To avoid this, again do not disclose such sensitive credit card details such as the card expiry date, CVV/CVC, PIN, and OTP.

Also, it is uncommon for banks to initiate an annual membership fee waiver, as in most cases, it’s the cardholders who make such a request by contacting the customer service and sensitive card details as mentioned are not even required for the transaction.

[6] SIM Swap Scam. You might have read about the unauthorized million-peso withdrawal from a credit card of a certain wife of Megawide Construction’s director and executive.

It’s a targeted SIM swap scam where scammers allegedly planned the virtual account takeover which might have begun with slow burn gathering of personal details through phishing and other means.

It goes this way — the unknown caller, or the scammer, calls and introduces himself as the head of an international courier company, DHL, or whatsoever.

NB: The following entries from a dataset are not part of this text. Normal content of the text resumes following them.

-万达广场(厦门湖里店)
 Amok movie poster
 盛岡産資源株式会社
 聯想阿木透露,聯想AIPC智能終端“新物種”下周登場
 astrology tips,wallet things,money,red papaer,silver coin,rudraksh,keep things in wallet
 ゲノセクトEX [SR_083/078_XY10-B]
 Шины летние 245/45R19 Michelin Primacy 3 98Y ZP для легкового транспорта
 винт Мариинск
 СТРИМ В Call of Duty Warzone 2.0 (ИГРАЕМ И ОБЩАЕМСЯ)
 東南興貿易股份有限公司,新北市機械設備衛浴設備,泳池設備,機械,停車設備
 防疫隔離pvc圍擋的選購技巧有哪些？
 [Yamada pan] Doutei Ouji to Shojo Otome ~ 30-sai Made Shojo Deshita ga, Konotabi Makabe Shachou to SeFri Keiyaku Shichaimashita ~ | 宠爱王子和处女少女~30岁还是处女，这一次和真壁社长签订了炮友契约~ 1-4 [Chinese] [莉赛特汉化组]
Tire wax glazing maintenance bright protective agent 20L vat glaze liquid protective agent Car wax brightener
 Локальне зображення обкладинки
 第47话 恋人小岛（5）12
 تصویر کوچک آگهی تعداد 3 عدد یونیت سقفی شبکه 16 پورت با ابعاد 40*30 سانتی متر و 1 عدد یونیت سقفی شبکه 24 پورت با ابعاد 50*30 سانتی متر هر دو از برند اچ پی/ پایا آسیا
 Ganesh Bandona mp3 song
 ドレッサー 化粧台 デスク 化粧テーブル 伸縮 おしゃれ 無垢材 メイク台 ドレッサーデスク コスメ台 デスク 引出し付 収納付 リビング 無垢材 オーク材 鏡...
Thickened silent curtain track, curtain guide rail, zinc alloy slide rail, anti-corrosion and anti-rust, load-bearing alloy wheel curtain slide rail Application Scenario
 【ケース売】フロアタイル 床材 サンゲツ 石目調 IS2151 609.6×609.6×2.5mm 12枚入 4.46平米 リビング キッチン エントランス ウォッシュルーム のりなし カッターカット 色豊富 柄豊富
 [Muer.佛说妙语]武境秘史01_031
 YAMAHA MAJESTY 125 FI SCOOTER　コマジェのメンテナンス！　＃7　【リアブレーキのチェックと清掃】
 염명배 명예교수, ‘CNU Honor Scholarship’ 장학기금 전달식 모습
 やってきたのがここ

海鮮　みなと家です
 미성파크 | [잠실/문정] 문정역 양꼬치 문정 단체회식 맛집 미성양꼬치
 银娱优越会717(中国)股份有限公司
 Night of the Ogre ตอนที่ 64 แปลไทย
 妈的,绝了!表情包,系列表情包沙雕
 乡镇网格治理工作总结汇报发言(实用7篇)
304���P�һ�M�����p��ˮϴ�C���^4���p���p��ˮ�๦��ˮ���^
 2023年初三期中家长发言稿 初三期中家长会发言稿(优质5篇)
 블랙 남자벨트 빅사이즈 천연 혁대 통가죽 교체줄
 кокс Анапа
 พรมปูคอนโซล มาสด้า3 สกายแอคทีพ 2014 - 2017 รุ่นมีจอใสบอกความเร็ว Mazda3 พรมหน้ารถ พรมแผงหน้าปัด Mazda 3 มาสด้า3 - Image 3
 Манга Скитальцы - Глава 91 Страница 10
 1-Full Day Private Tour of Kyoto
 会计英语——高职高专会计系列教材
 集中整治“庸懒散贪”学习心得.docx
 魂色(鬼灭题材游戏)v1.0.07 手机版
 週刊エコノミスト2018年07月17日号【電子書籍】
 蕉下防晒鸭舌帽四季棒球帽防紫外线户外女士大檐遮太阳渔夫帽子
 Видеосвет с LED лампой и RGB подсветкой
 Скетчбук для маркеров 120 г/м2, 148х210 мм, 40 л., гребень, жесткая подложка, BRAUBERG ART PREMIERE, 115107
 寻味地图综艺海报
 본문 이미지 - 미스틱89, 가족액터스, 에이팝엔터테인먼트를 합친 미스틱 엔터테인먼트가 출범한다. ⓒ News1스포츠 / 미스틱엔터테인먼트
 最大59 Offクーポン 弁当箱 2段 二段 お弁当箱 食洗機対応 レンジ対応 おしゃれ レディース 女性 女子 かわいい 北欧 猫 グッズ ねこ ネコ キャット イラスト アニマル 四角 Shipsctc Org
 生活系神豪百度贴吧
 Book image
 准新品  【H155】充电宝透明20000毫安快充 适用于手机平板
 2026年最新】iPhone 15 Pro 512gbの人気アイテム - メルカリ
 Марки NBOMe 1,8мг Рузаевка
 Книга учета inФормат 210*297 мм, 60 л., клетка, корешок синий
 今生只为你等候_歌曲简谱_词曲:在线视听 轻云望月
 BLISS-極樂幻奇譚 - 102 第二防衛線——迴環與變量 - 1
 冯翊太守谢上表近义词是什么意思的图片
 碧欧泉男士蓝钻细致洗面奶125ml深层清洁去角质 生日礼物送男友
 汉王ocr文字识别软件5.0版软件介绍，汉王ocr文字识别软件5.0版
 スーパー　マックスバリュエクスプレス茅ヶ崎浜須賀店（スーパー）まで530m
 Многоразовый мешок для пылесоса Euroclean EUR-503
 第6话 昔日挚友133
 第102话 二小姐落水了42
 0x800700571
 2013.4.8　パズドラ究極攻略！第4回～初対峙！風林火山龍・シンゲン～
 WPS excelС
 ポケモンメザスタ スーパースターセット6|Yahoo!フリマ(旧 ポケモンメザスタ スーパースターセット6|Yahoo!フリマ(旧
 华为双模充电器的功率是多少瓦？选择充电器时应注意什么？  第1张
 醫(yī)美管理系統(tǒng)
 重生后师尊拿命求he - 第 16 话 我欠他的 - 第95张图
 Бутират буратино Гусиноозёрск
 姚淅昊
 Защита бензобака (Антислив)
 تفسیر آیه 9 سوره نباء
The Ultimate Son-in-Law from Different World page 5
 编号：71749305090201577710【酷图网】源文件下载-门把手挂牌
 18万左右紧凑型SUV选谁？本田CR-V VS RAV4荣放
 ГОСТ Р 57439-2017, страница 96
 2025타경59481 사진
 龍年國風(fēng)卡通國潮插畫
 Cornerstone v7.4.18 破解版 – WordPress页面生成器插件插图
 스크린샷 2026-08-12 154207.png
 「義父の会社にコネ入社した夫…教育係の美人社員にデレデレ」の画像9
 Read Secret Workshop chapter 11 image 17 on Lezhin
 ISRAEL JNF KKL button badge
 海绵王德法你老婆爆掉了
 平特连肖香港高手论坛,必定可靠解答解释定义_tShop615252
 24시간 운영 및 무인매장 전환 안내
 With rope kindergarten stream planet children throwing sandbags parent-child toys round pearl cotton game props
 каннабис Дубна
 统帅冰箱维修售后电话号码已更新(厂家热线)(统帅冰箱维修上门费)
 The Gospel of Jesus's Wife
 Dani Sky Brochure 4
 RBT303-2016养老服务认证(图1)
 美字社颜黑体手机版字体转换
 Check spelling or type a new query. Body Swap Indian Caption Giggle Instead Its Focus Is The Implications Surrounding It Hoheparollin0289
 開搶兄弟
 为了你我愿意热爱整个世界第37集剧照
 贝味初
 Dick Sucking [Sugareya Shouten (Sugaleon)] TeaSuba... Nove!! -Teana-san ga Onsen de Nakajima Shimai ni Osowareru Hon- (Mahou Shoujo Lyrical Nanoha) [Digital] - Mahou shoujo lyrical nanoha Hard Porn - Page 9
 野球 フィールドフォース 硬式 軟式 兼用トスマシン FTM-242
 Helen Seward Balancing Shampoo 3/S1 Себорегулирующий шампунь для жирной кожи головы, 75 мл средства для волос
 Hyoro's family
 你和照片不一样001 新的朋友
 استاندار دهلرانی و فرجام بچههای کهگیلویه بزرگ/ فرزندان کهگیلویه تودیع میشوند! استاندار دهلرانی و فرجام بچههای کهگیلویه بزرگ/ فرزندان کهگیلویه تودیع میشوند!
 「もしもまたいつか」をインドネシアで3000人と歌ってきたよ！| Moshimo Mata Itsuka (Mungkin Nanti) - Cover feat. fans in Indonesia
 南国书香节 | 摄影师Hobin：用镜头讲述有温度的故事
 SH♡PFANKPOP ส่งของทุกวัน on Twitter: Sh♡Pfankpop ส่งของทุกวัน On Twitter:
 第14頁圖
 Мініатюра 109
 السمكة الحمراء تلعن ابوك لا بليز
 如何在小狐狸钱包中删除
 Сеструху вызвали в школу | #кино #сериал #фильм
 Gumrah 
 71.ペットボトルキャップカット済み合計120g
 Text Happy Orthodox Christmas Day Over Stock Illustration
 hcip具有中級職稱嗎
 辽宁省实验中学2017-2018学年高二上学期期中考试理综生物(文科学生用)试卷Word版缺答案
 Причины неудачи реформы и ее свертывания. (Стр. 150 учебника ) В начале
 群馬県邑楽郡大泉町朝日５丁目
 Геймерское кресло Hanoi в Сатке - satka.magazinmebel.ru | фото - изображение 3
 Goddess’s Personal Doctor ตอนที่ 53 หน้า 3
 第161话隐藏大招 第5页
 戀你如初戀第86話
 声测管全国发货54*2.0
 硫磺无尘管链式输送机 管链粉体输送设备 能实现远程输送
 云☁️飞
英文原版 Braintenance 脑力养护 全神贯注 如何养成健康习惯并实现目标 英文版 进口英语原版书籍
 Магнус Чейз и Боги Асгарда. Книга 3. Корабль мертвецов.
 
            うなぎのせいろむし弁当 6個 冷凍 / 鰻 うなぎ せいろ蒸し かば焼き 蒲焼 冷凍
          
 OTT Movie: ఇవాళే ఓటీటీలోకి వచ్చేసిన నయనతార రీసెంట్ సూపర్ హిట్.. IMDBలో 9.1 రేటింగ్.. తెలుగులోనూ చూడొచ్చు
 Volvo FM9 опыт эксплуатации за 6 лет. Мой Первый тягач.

Puzzled about the parcel delivery being discussed over the phone, the victim is asked to hold the line while the tracking number of the parcel is allegedly verified. As the call is dropped, the telco signal is also lost, hence the phone number gets deactivated.

Unknown to the victim, an impostor already goes to the telco service center and requests the suspension of the line while presenting fake identification cards.

With this, further calls and text messages intended to the victim are directed to the scammer’s device which then gives the latter an access to the victim’s digital accounts linked to the SIM.

Aside from the suddenly deactivated phone number, another red flag is when a stranger asks you to turn off your phone. It means that the scam is in progress.

While this is a technically sophisticated scam, the telco companies forewarn about personal information being shared on social media or elsewhere.

It is further emphasized to use strong and unique passwords, and add extra layers of security whenever available, to the digital accounts.

Eek! The technical skills and social engineering of these scammers have gone sophisticated. While credit card security features and all the government efforts are catching up, credit card users being at the frontline must take a fair share of responsibility in the prevention and suppression.

Sim Card Registration Act

Now, let’s see if these credit card fraud and scams will still proliferate in the coming months and years with the implementation of the Republic Act No. 11934, or the SIM Card Registration Act.

It aims primarily to provide accountability for those using SIM cards and aid law enforcement in tracking perpetrators of crimes committed through phones. That explains what makes it less controversial, but the public still have their divided opinions on this.

It is also seen as one way to boost government initiatives against scams perpetrated through text and online messages, which have become more prevalent in recent years.